Can’t count, can’t organise – and exceedingly unpleasant, too. Yes, it’s the Brutish McToad

It is nearly twenty years since a BBC driver told me that of all the people he had had to ferry back and forth, Brown – then in opposition where he should have stayed – was among the most obnoxious and bullying.

So in a Sunday Times report today I was pleased to see the Witless Toad described as “brutish.” As to his competence, a former director general of a Whitehall department observed about what happens under his government:

“All the worst bits of policy making come from the centre. It’s these people who think you change the world by publishing a strategy. And you don’t change a thing by publishing a strategy, it makes no difference whatsoever.”

File that under “I told you so”.

The report from which this came is what journalists tend to call “a devastating indictment” of the Toad and all his ways by a phalanx of top Civil Servants. Predictably, the response from the FuhrerToadBunker was “We will obviously study the report with interest. But we do not accept the conclusion.”

I think I’ve quoted Cromwell on this attitude before: “Consider in the bowels of Christ that ye may be wrong.”

Surely it is impossible to make any progress in human affairs without realising you are mistaken. But really astonishes about Brown is his utter incapacity in areas where he should, surely, as a man who was in charge of a nation’s finances for ten years, be impeccable – like doing his sums.

His and the egregious Ed Balls’ recent proposal to give 270,000 of the nation’s poorest families free computers is a typical example of what happens. Forget the fact that right now this country, in greater debt than ever before in its history, should be conserving money, not spending it. Forget the fact that so many of the recipients of his largesse have difficulty in reading and writing, let alone mathematics.

What is really worrying is that his costings would disgrace the average trainee book-keeper. When any idiot knows that a computer can be picked up for £300 – and probably a lot less if you’re buying in bulk, he was proposing to spend over £1,000 a head on this latest vote-catching wheeze.

Just sheer, old-fashioned, witless incompetence.

About the Author

In 2003, the Chartered Institute of Marketing named Drayton one of 50 living individuals who have shaped today’s marketing.

He has worked in 55 countries with many of the world’s greatest brands. These include American Express, Audi, Bentley, British Airways, Cisco, Columbia Business School, Deutsche Post, Ford, IBM, McKinsey, Mercedes, Microsoft, Nestle, Philips, Procter & Gamble, Toyota, Unilever, Visa and Volkswagen.

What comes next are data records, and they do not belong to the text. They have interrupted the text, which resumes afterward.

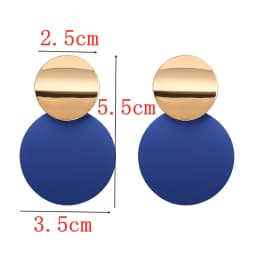 New Blue Color Dangle Earring for Women Round Metal Flower Leaf Crystal Gem Star Brincos Sweet Wedding Party Jewelry Xmas Gift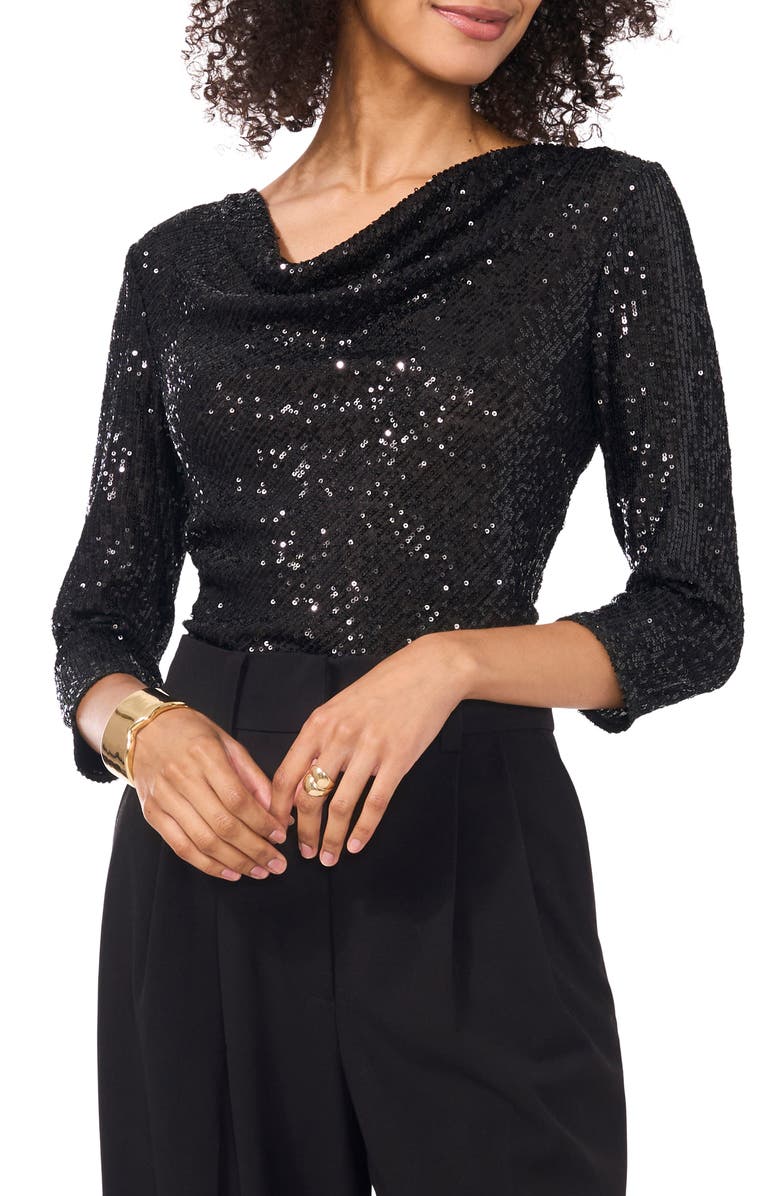 Vince Camuto Sequin Cowl Neck Top, Main, color,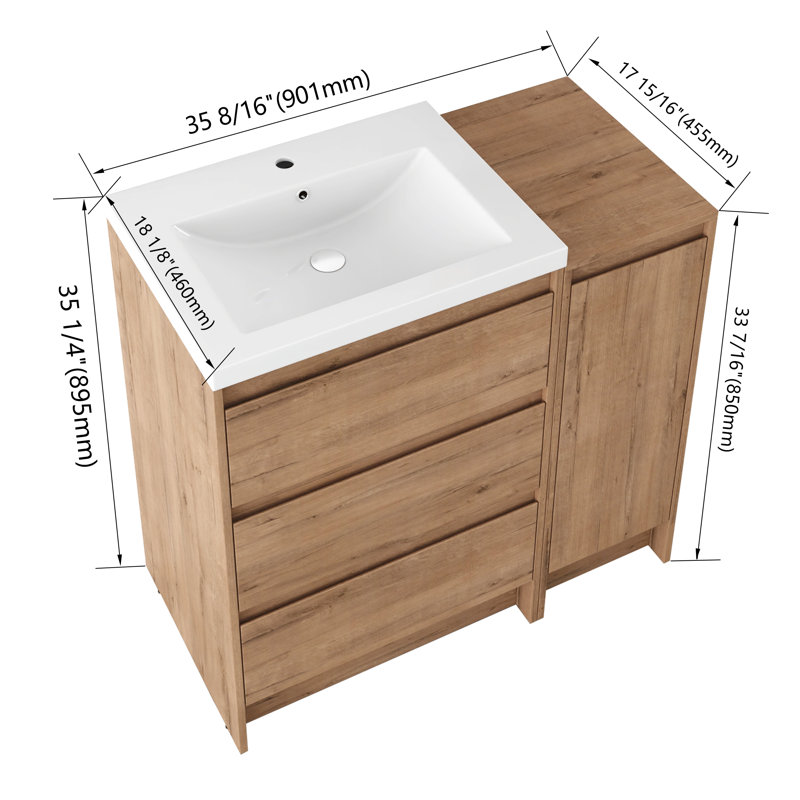36" Single Freestanding Bathroom Vanity with Resin Sink, Floor Standing Bathroom Vanity with 1 Door, 3 Drawers, 1 Adjustable Shelf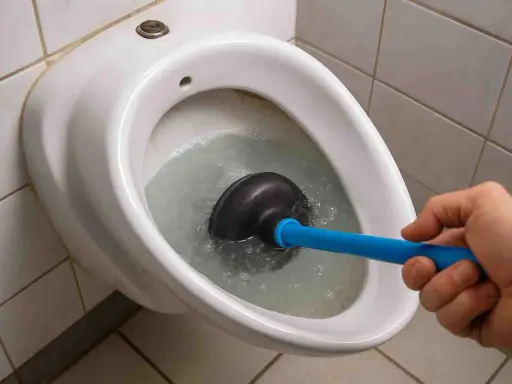 Hand uses a plunger to clear a toilet bowl, tackling stubborn Urinstein im Rohr entfernen.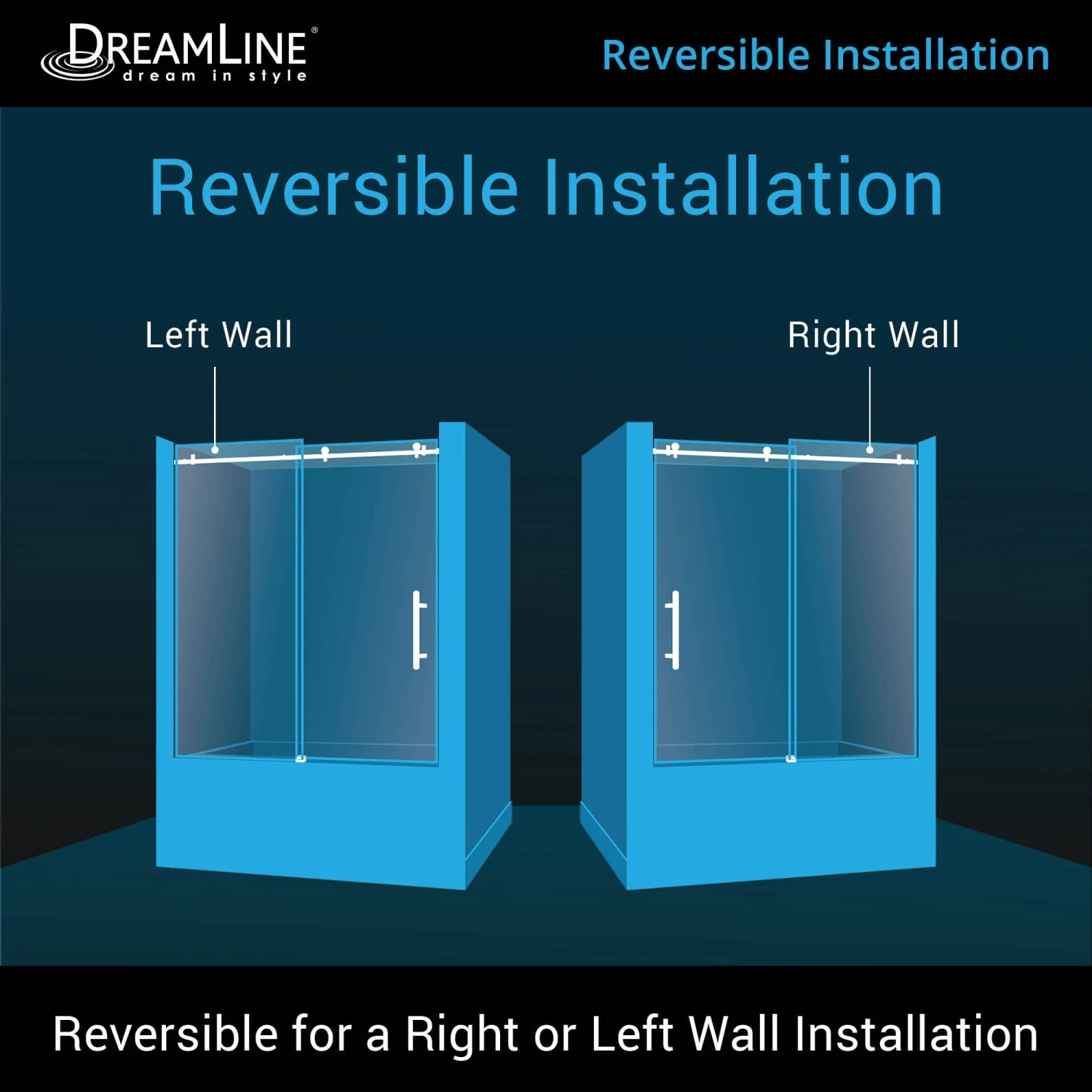 DreamLine Enigma Air 56-60 In. W X 62 In. H Frameless Sliding Tub Door - Image 13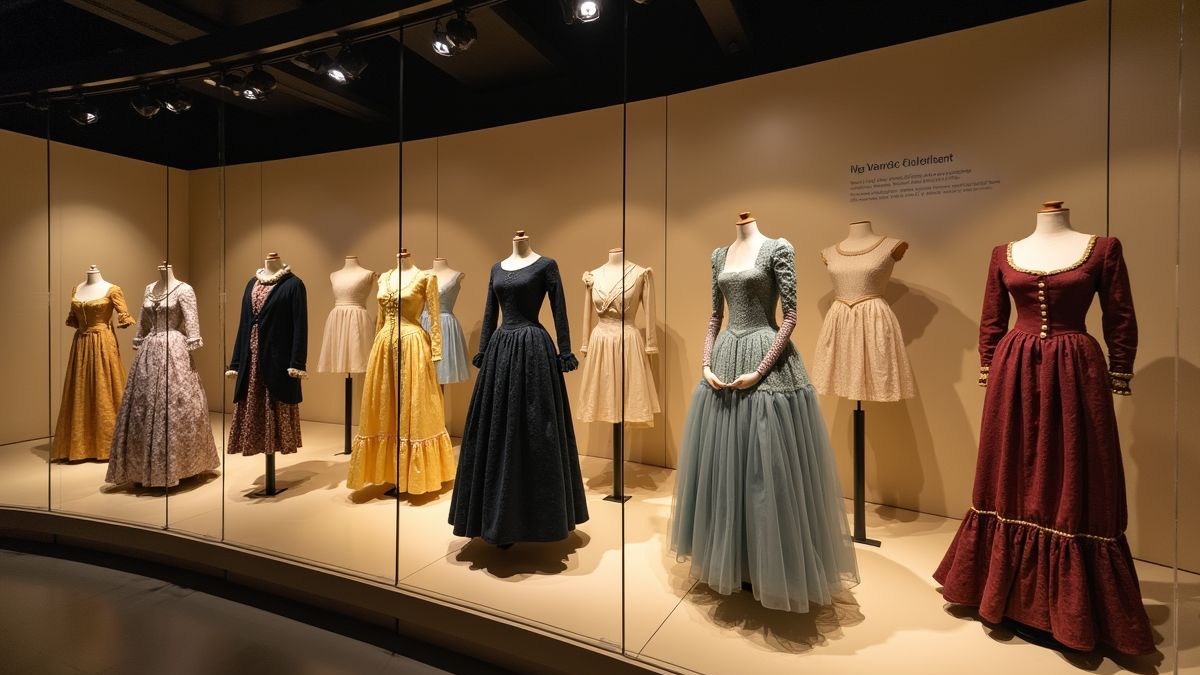 Historische jurken in een museum.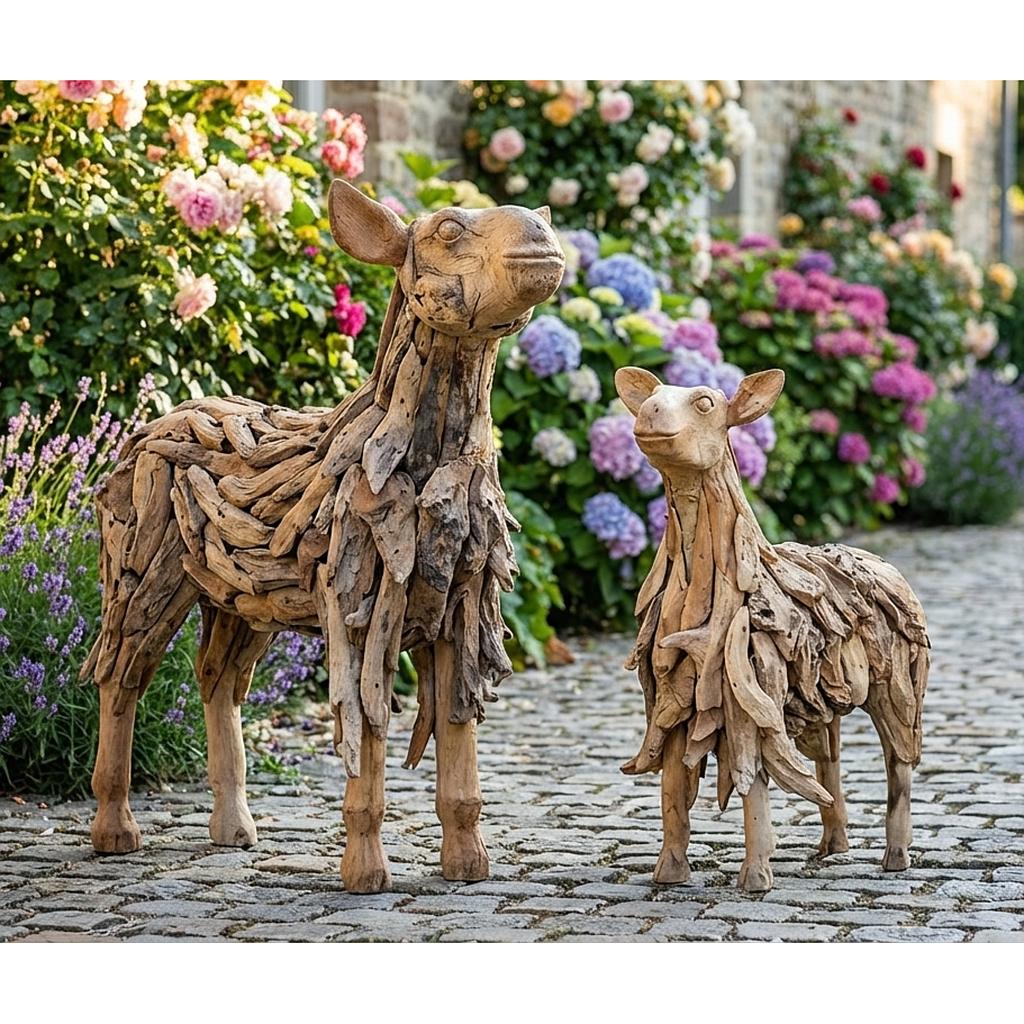 Mutter-Schaf 100cm, Wurzelholz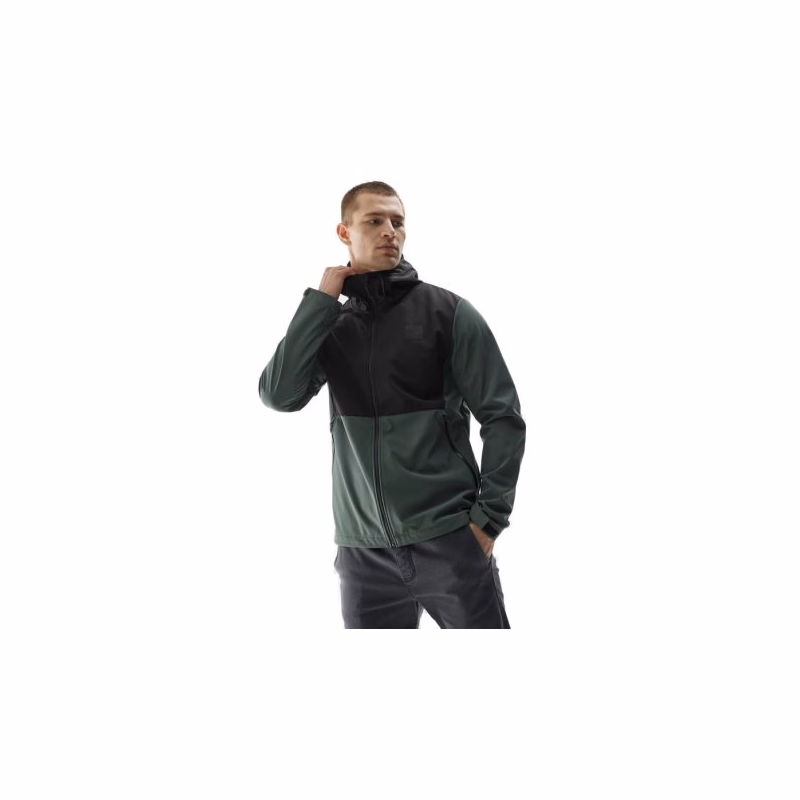 Pánska turistická softshellová bunda 4F SOFTSHELL JACKET-AW23TSOFM155-40S-DARK GREEN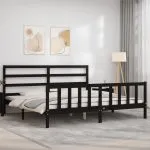 Cadru de pat cu tăblie, negru, 180×200 cm, lemn masiv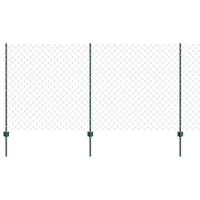 VidaXL Hek met paal groen 1,2 x 10 m staal en pvc - thumbnail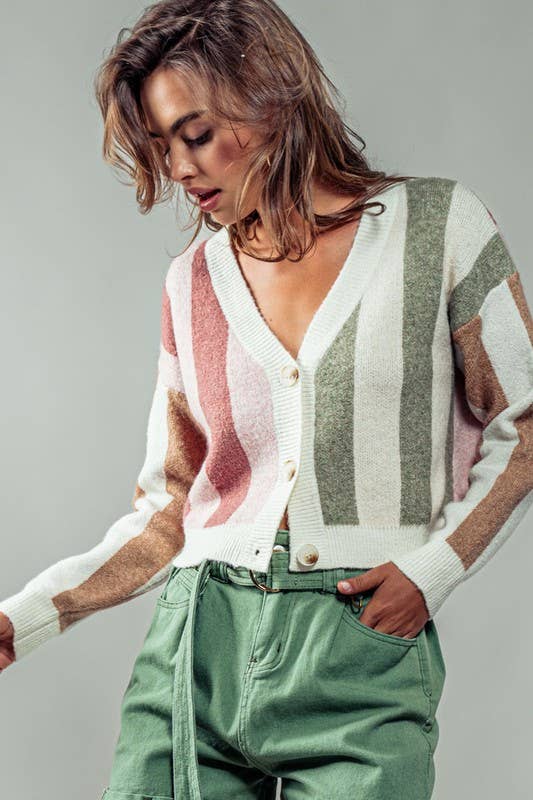 CLUSTER COLOR STRIPE CARDIGAN - PINK/SAGE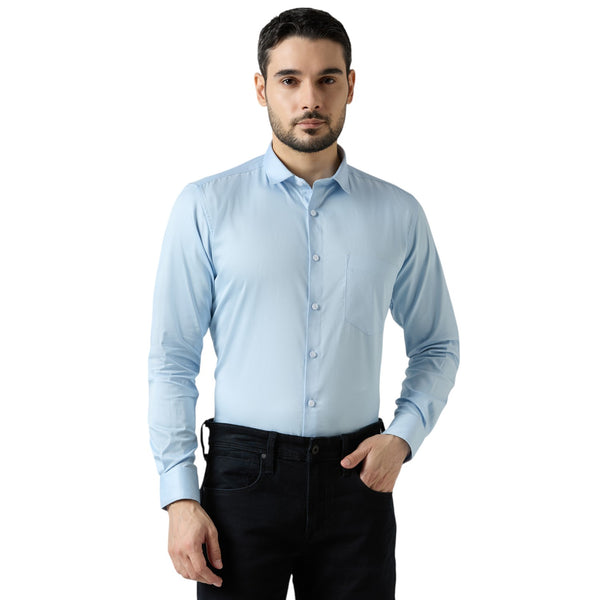 Men’s Sky Blue Lycra Formal Shirt – Stretchable Slim Fit Office Wear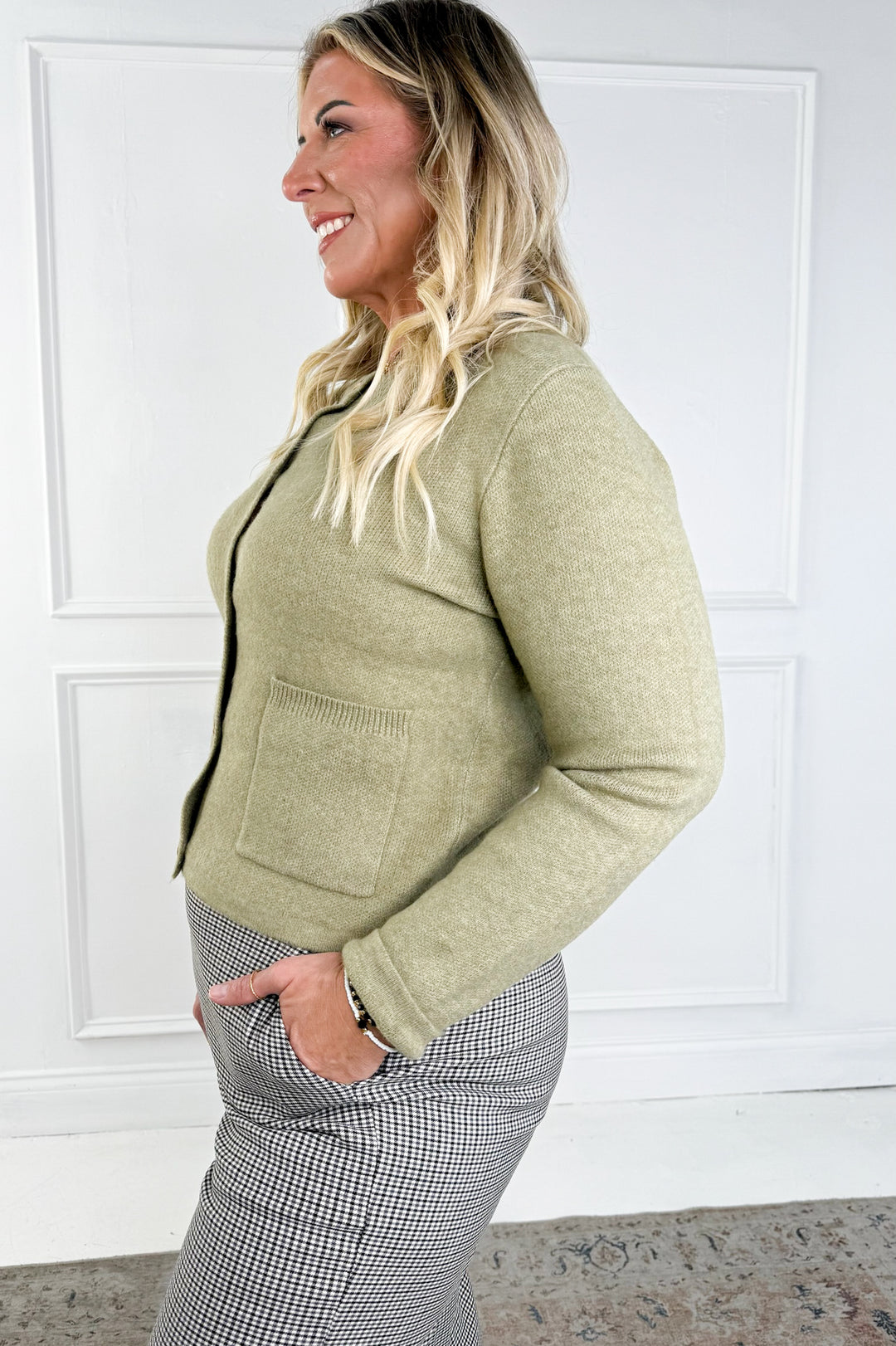 Wool Blend Gold Button Cardigan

Drayton has helped sell everything from Airbus planes to Peppa Pig. His book, Commonsense Direct and Digital Marketing, out in 17 languages, has been the UK’s best seller on the subject every year since 1982. He has also run his own businesses in the U.K., Portugal and Malaysia.

He was a main board member of the Ogilvy Group, a founding member of the Superbrands Organisation, one of the first eight Honorary Fellows of the Institute of Direct Marketing and one of the first three people named to the Hall of Fame of the Direct Marketing Association of India. He has also been given Lifetime Achievement Awards by the Caples Organisation in New York and Early To Rise in Florida.

8 Comments

  1. Drayton,

    Well, couldn't agree with you more about the loathsome Brown.

    Re the point about the costing of the computer project, the more frightening possibility is that those costs are actually correct i.e. that when you add in all the costs of bureaucracy etc it will actually cost the government (that is taxpayers) GBP 1,000 for something that the private sector would deliver for GBP 300! OK, they may be including some ongoing costs (broadband connection etc) but the point remains.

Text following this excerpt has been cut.